**ABOUT THIS TASK**
Every record below must be returned word for word, with the pictures left out.

════════════════════

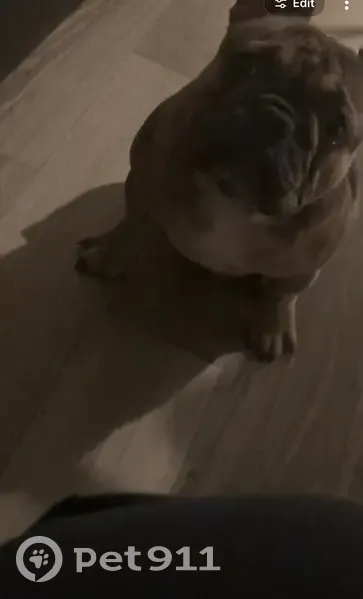 Lost male dog, 1st Street South, Birmingham - two puppy Frenchies - photo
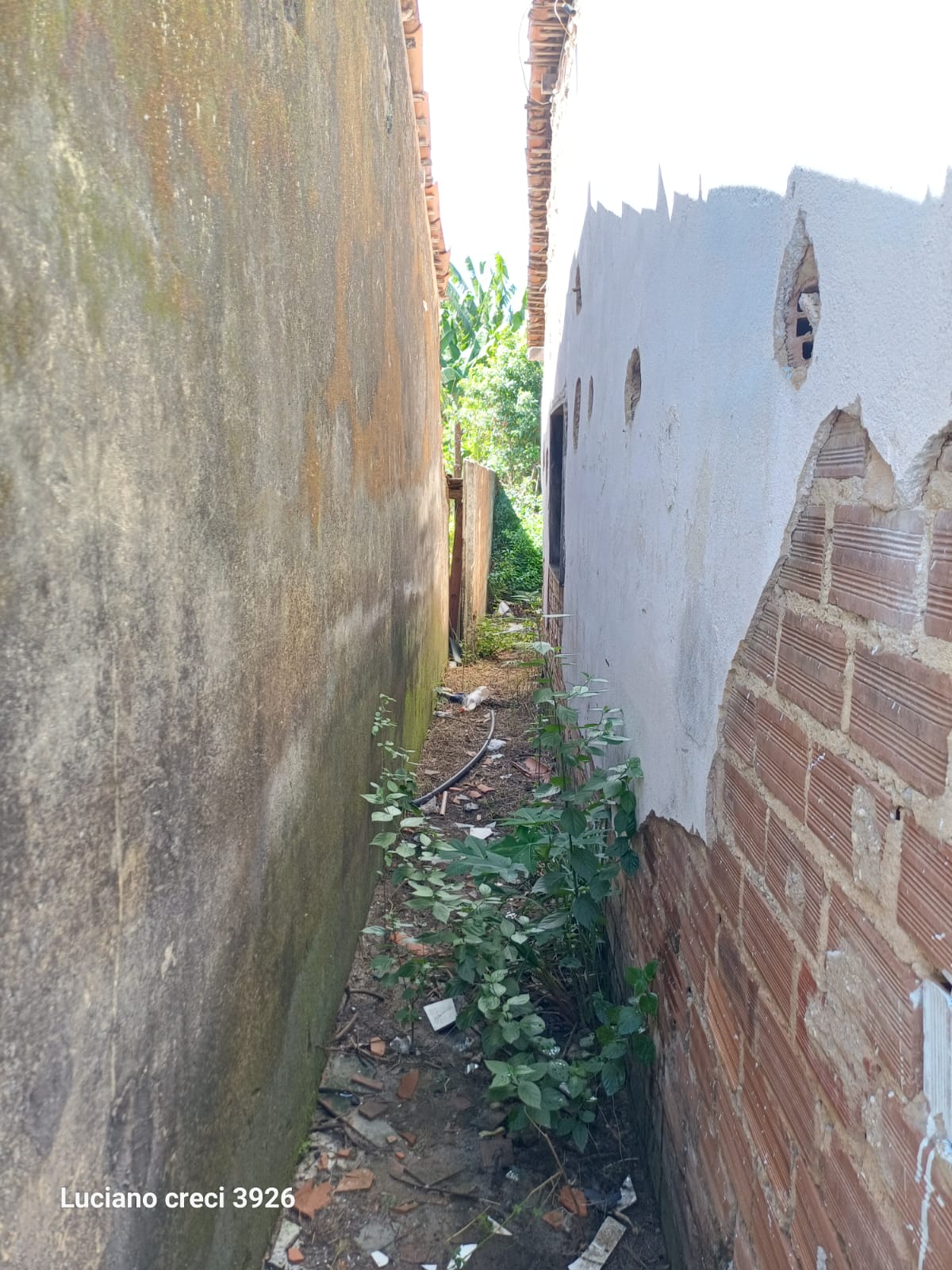 *VENDO CASA NA SANTA LÚCIA EM FRENTE A PIZZARIA BORDA DE OURO*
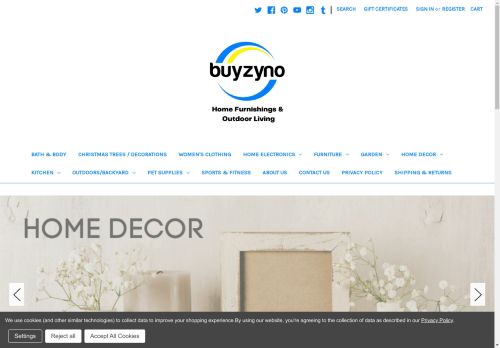 buyzyno.com capture - 2024-08-26 06:25:05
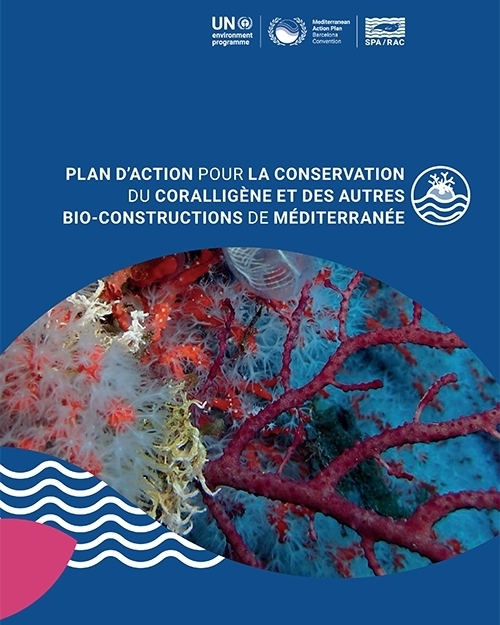 Plan d'action pour la conservation du coralligène et des autres bioconstructions de Méditerranée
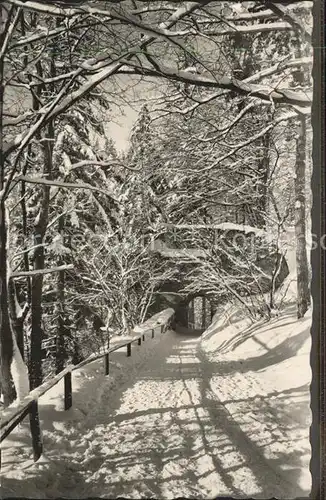 Oybin Winter im Zittauer Gebirge Burgtor auf dem Oybin Kat. Kurort Oybin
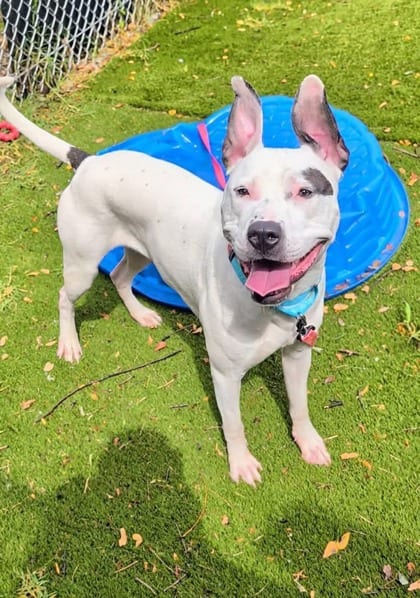 Photo of Flint (Chase), adoptable dog in Baltimore, Maryland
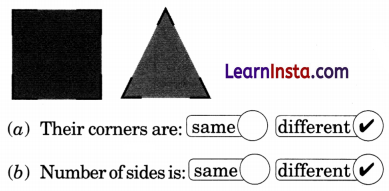 NCERT Class 3 Maths Mela Chapter 5 Question Answer Fun with Shapes 41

════════════════════

**SOLVED PROBLEM**
 Lost male dog, 1st Street South, Birmingham - two puppy Frenchies - photo
 *VENDO CASA NA SANTA LÚCIA EM FRENTE A PIZZARIA BORDA DE OURO*
 buyzyno.com capture - 2024-08-26 06:25:05
 Plan d'action pour la conservation du coralligène et des autres bioconstructions de Méditerranée
 Oybin Winter im Zittauer Gebirge Burgtor auf dem Oybin Kat. Kurort Oybin
 Photo of Flint (Chase), adoptable dog in Baltimore, Maryland
 NCERT Class 3 Maths Mela Chapter 5 Question Answer Fun with Shapes 41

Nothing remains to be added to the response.